Apple is notorious for its strict but warranted grip on its App Store. Apps, games and anything else in between that’s hosted on their storefront goes through a series of rigorous checks before being made available for download, squashing most chances for nasty bugs to somehow make their way onto any Apple device. It’s worked for years, but an attack from a source that no one really saw coming has left Apple vulnerable – and it’s a little scary.

Instead of trying to upload malware ridden apps directly, malware known as XcodeGhost attacks the source directly. Xcode is a development environment for Apple applications on OSX, and it’s here where the malware strikes. The trick was getting app developers to use a sneakily custom-created version of Xcode, injecting the malware into any apps that were created in the environment.
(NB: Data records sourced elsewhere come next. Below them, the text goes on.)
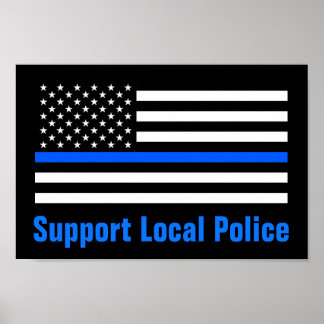 Affiche Soutien Police locale Ligne Bleue Mince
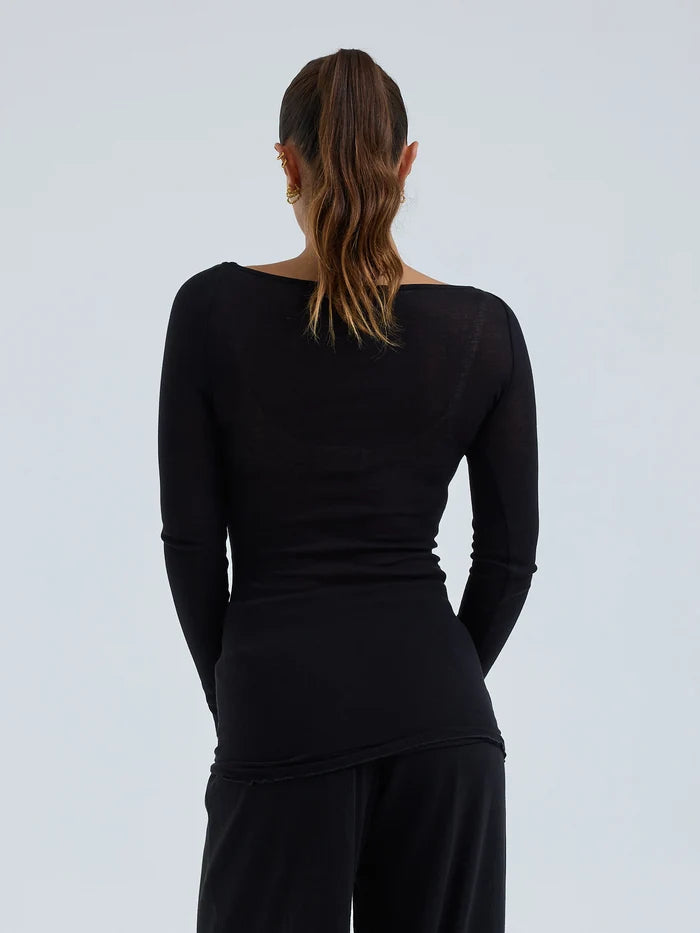Cotton Boat Neck Black Bild 6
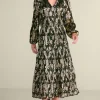 Outlet Soft Surroundings Jobelle Shimmer Midi Dress FoilGarden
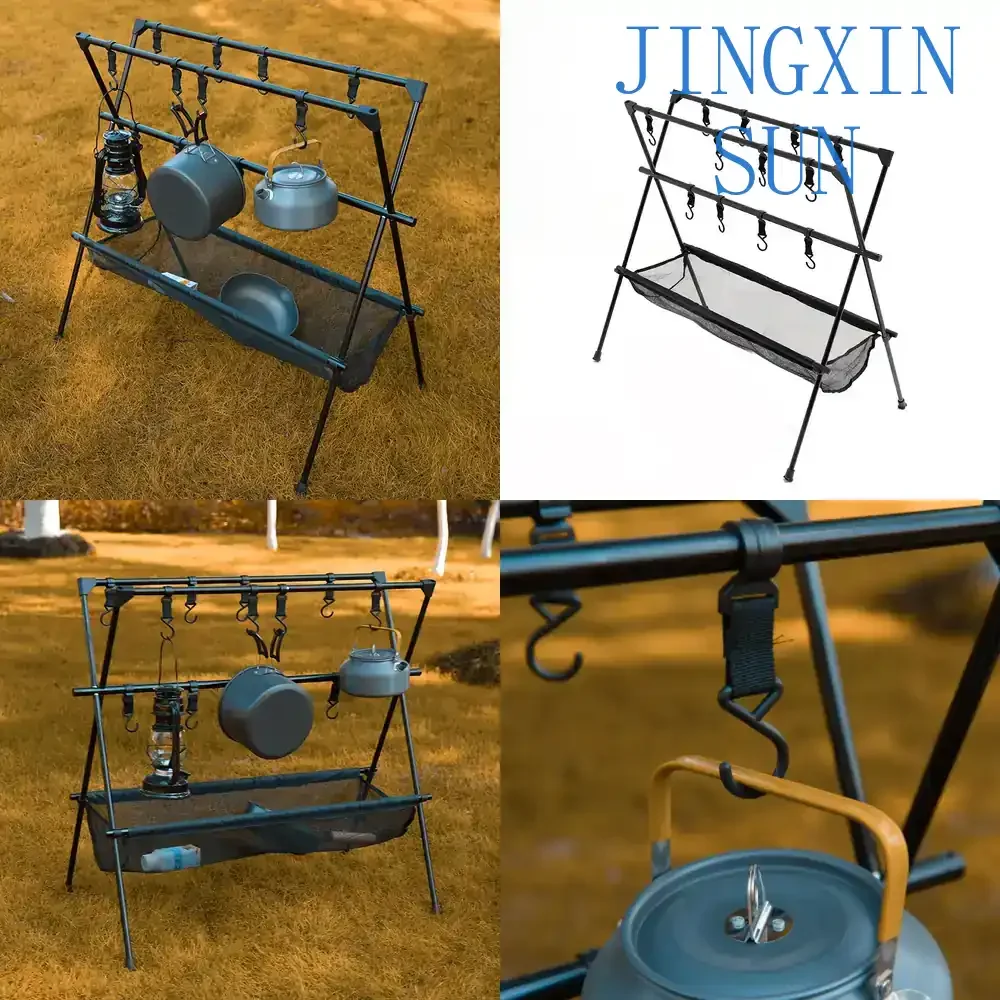 Outdoor Double-Layer Triangular Hanger for Barbecue Camping Rack Folding Portable Drying Grid Rack for Camping Aluminum Alloy
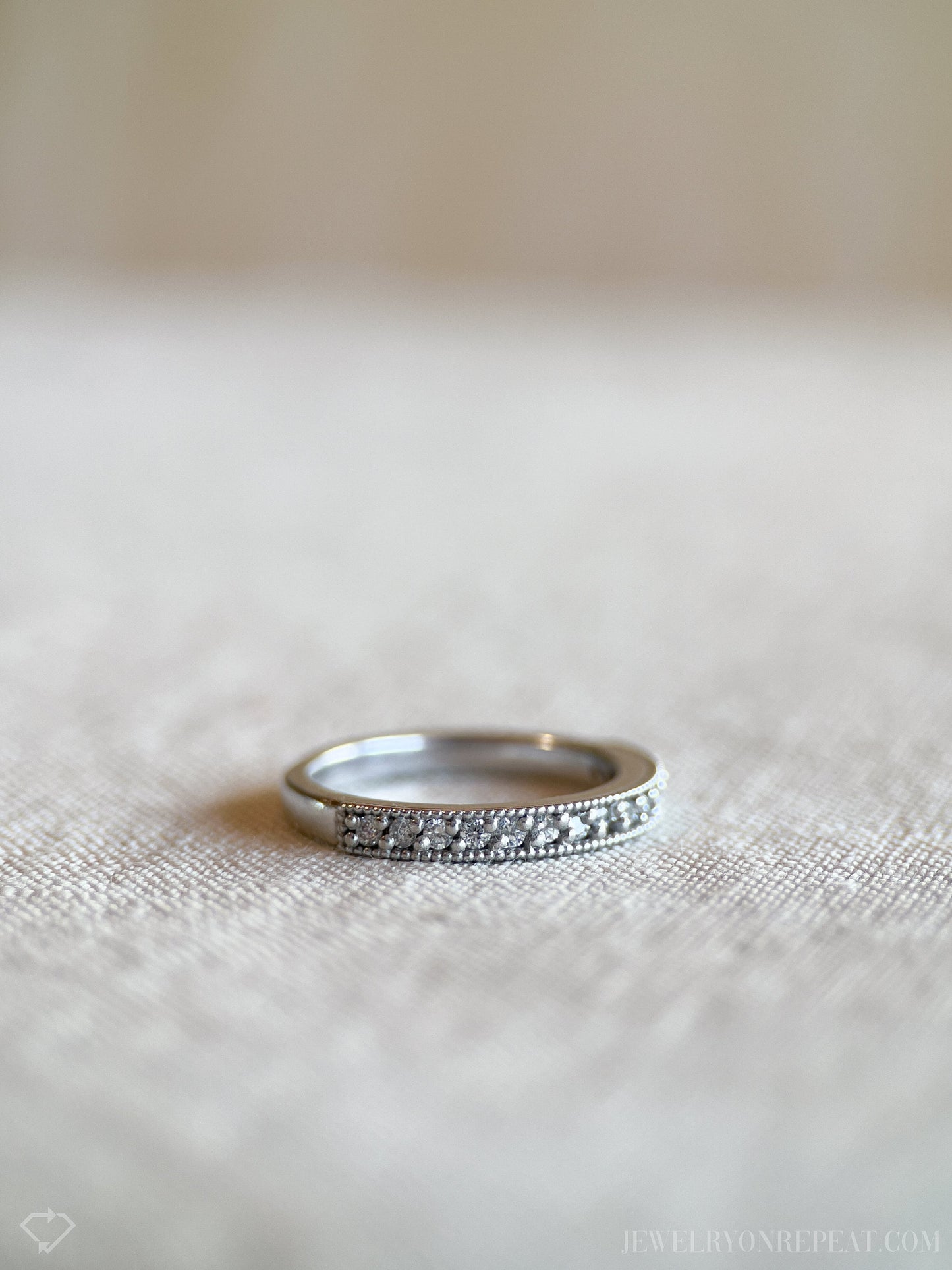 Vintage Diamond Wedding Band in 14k White Gold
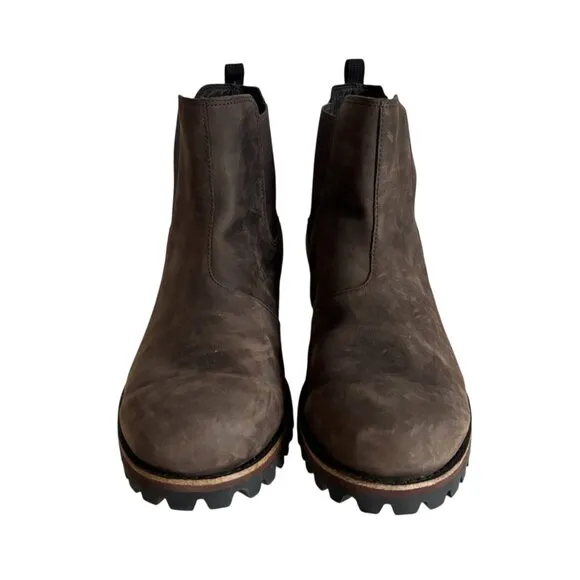 CHACO Men's Fields Chelsea Waterproof Casual Boot 12 Ankle Slip On Brown Leather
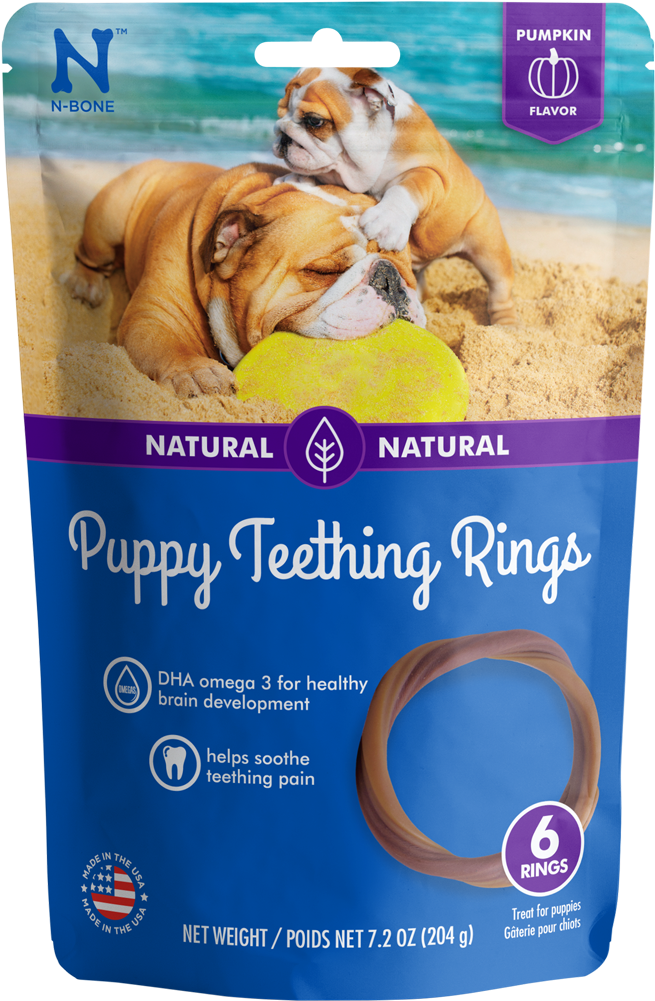 N-bone Puppy Teething Rings Pumpkin Flavor Dog Treats - N-bone Puppy Teething Ring Chicken Dog Treat 3 Pack (1000x1000), Png Download
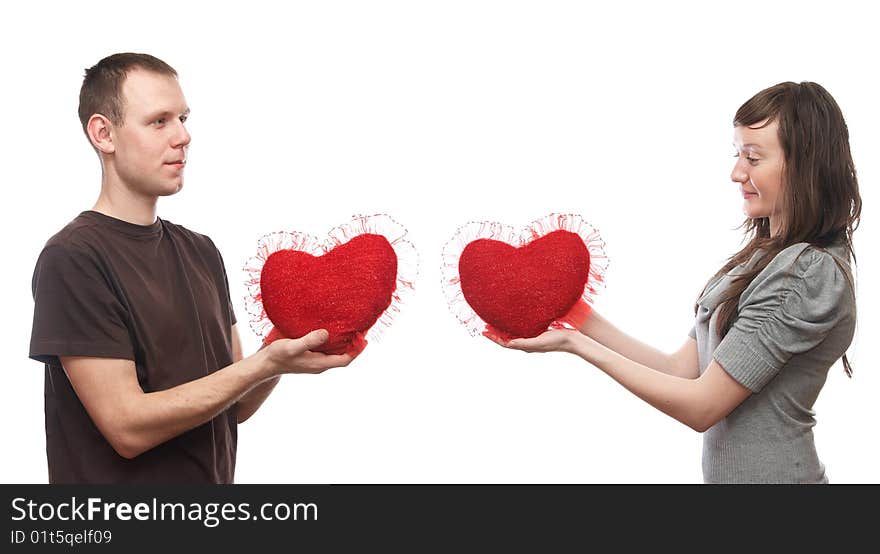 Young man and  young woman on the white background. Young man and  young woman on the white background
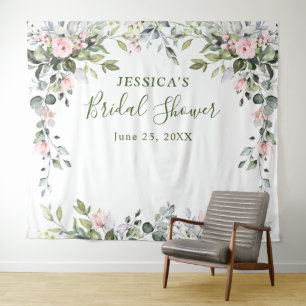 Tenture Fond de photomaton chic pour Baby Shower Eucalyptu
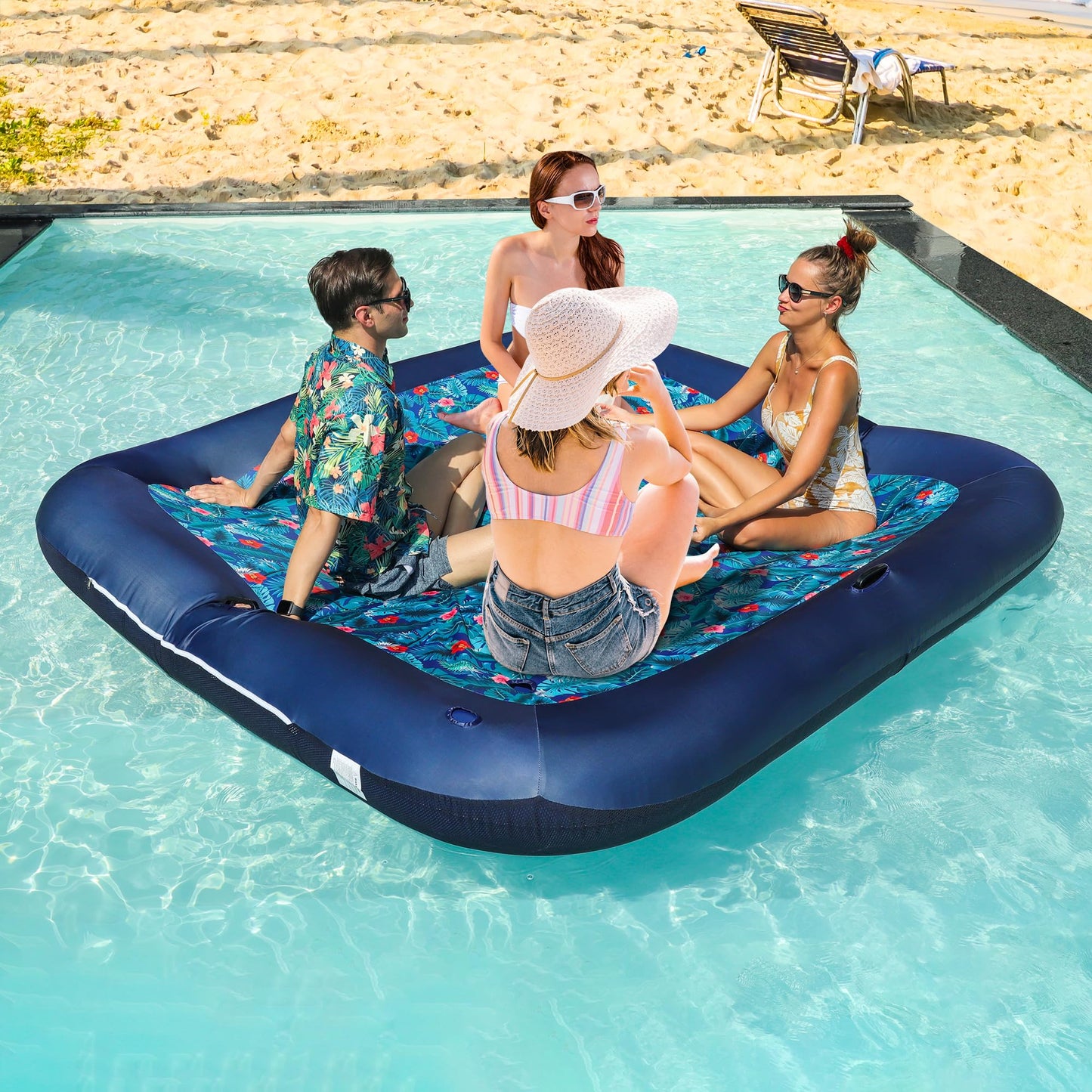 FindUWill Extra Large Pool Float – 98.5'' Fabric-Covered Lounger for 4, Family Pool & Travel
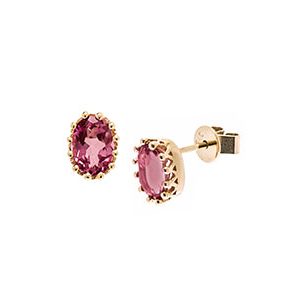 9ct Yellow Gold & Oval Pink Topaz Stud Earrings Es00151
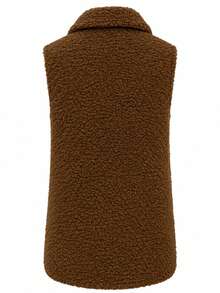 Plus Size Teddy Fleece Vest With Lapel Collar, Front Button Sleeveless Lambswool Vest With Pockets, Casual Warm Outerwear For Autumn/Winter - Brown - View 4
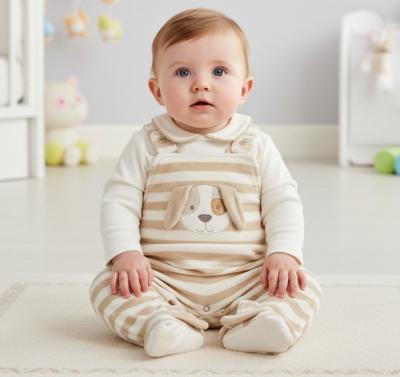ML13-446T  Velour "Puppy" Dungaree Set  (NB-6 months)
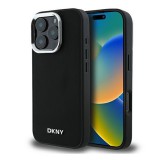 DKNY Plain Silver Logo iPhone 16 Pro Max MagSafe hátlap tok, fekete DKHMP16XPSCMCLK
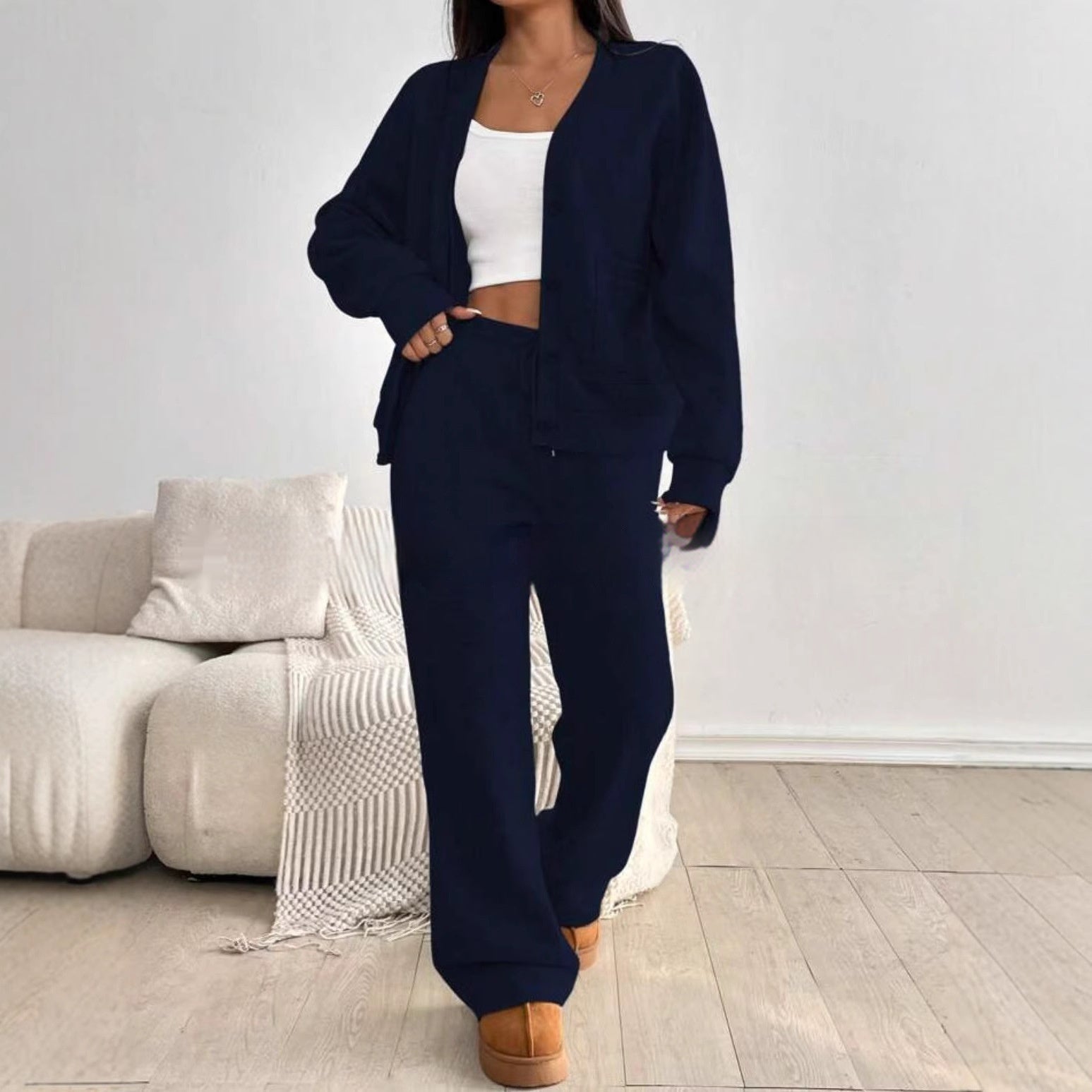 Ensemble 2 pièces femme : cardigan à manches longues et pantalon à jambes larges taille haute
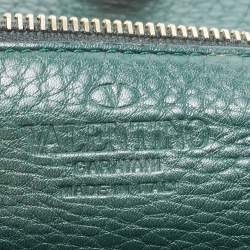 Pre Owned Valentino Green Leather Small Rockstud Trapeze Tote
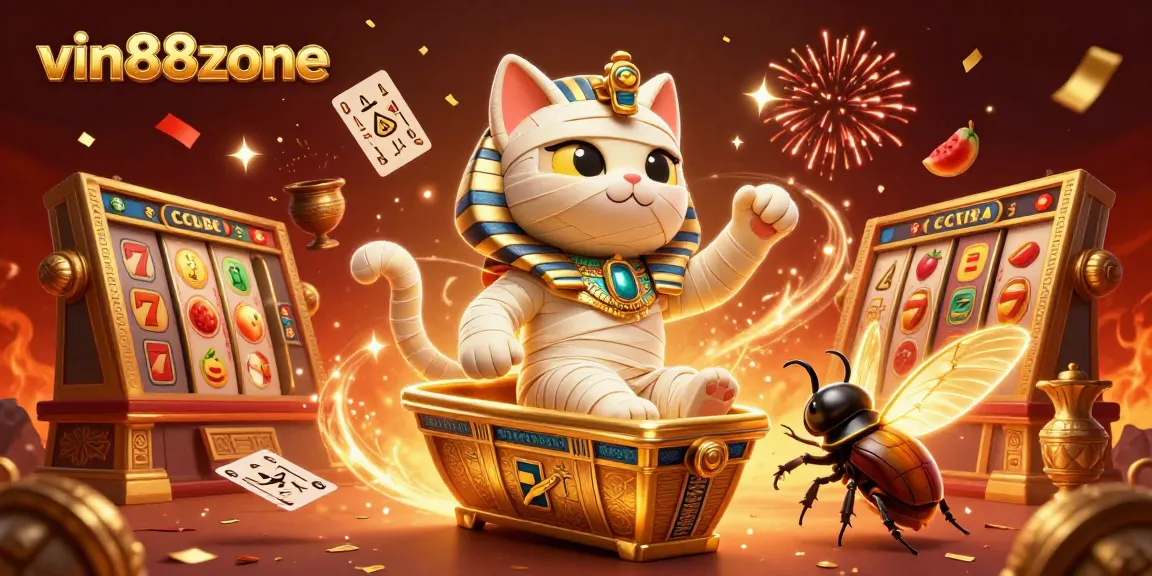 Experience thrilling wins at vin88zone with the lively mummy cat and vibrant casino elements.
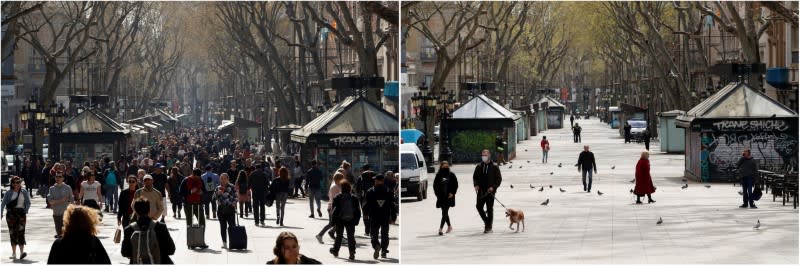 A combination picture shows a general view of Las Ramblas, in Barcelona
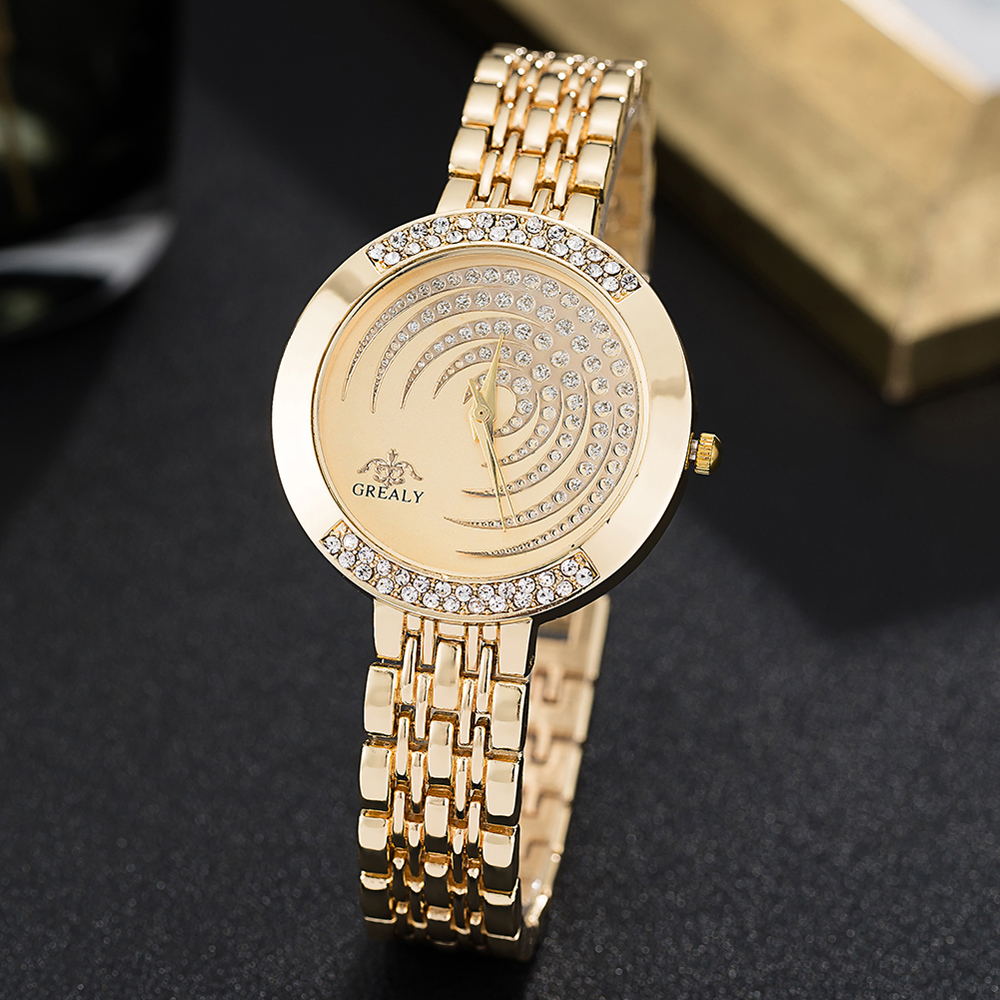 shop luxury diamond watch and bracelet set womens fashion jewelry gift set for girlfriend ladies casual quartz wristwatch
And since it’s coming from Xcode directly, it slipped completely under Apple’s radar.

It infected numerous apps on the Chinese store specifically, including social networking giant WeChat. Apple soon identified and managed to wipe out the malware from all apps affect in the AppStore, but not without scratching their heads as to how it all happened in the first place.

“We’ve removed the apps from the App Store that we know have been created with this counterfeit software. We are working with the developers to make sure they’re using the proper version of Xcode to rebuild their apps.”

Screening apps for malware is one thing, but having an entire coding environment comprised is a different kind of headache for Apple. It’s a shrewd way for potential hackers to gain information too, with XcodeGhost in particular being able to access functions like the device’s Clipboard, post fake phishing dialogs and even open URLs automatically. It’s dangerous stuff to have on your mobile device that now handles things like social media accounts, bank accounts and probably every email account you own.

But scarier so is the fact that it came from multiple sources at once, with unaware developers baking the malware right into their next big app upgrade. Apple has a lot of thinking to do in terms of how it better monitors its own coding environments.